Todos fueron por fuera, pero Hinata detuvo a Hagen.

-¡No vuelvas a actuar sin nuestro consentimiento! ¿Entendiste? -advirtió Hinata.

-Si coronela. Disculpe -comento Hagen con acento despreocupado.

-¡No estoy jugando Hagen…

-Vamos Hagen -dijo Proserpina.

 

En el reino de Freyjheim, Crystel Nabira se encontraba en la cama de un hospital, descansando y con vendas en muchas partes de su cuerpo, durmiendo y siendo vigilada tanto por Duncan Gideons como por Elina.

Proserpina también acompañaba a su padre en la sala.

 

-Freyjheim -dijo Hagen Belphegus-. Me siento como si volviera al pasado.

Proserpina se acercó y le dijo:

-Solo es un sentimiento Hagen, recuerda que ahora eres un nuevo y maravilloso individuo.

Hagen le sonrió a Proserpina.

 

Y afuera, Kinon, Rhonda y Sylvia estaban mirando como Crystel era vigilada por sus amigos.

-¿Qué le están haciendo? -pregunto Rhonda.

-Están viendo como mejora -aclaro Kinon-, nada más. Lo que ella hizo fue muy difícil. Algo que ni la Generala Elina ni Hinata van a olvidar.

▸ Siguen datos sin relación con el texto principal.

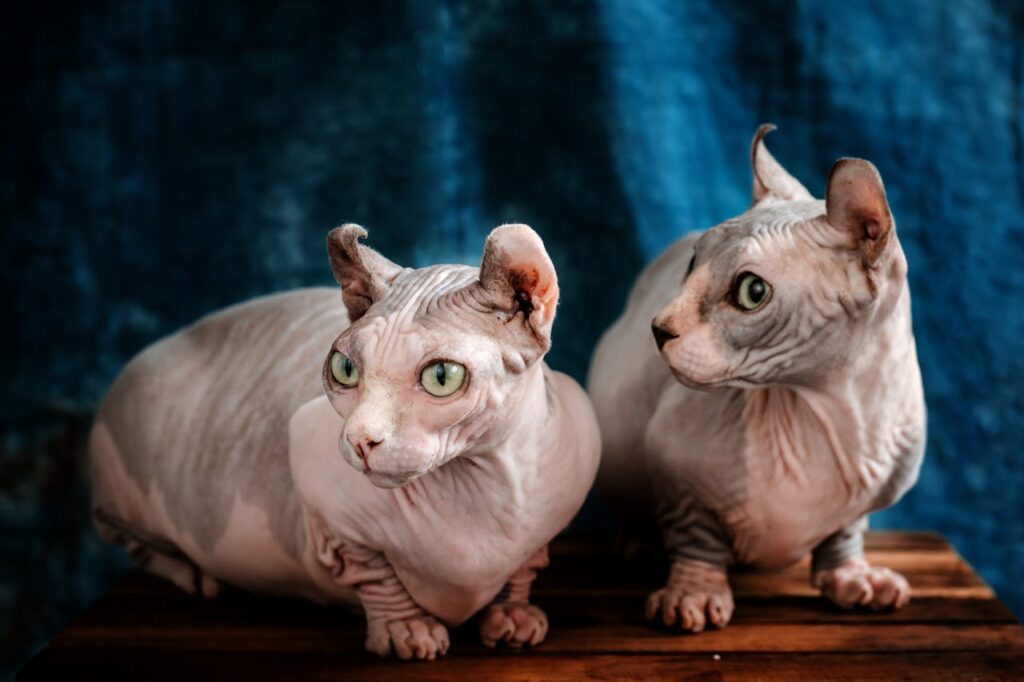 Sphynx-Katze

-¿Y crees que se recupere?

-Lo hará. Pero necesita dormir -comento Sylvia-. Todavía debe lidiar con el trauma de lo que paso, algo que ni la misma Kiwakoto puede quitar. Solo ella.

-Ya veo

Y entonces Kinon dijo:

-Rhonda. Fuiste muy valiente en esta ocasión.

-Gracias Kinon. Pero solo hice lo que me decía mi conciencia, yo se que vengo diciendo esto desde que me uní a ustedes, y tal vez lo siga haciendo por mucho tiempo.

-¿Sabes que significa eso? -pregunto el hijo de Tina y Karfkol.

-¿Qué significa Kinon?

-Que eres una valiosa amiga, aliada y también hermana, de quien aprenderemos mucho.

Rhonda sonrió.

-Si yo pude hacerlo… Quizás Crystel también lo haga con el tiempo. ¿Verdad hermana querida?

-Si Rhonda.

 

Y finalmente Freyjheim volvería a respirar tranquilo… Gracias a aquella segunda vez en que Kinon y los Caballeros del Futuro les ayudaron.\

 

Lothar Belphegus se detuvo de repente, girando lentamente para mirar a la cara a Crystel Nabira.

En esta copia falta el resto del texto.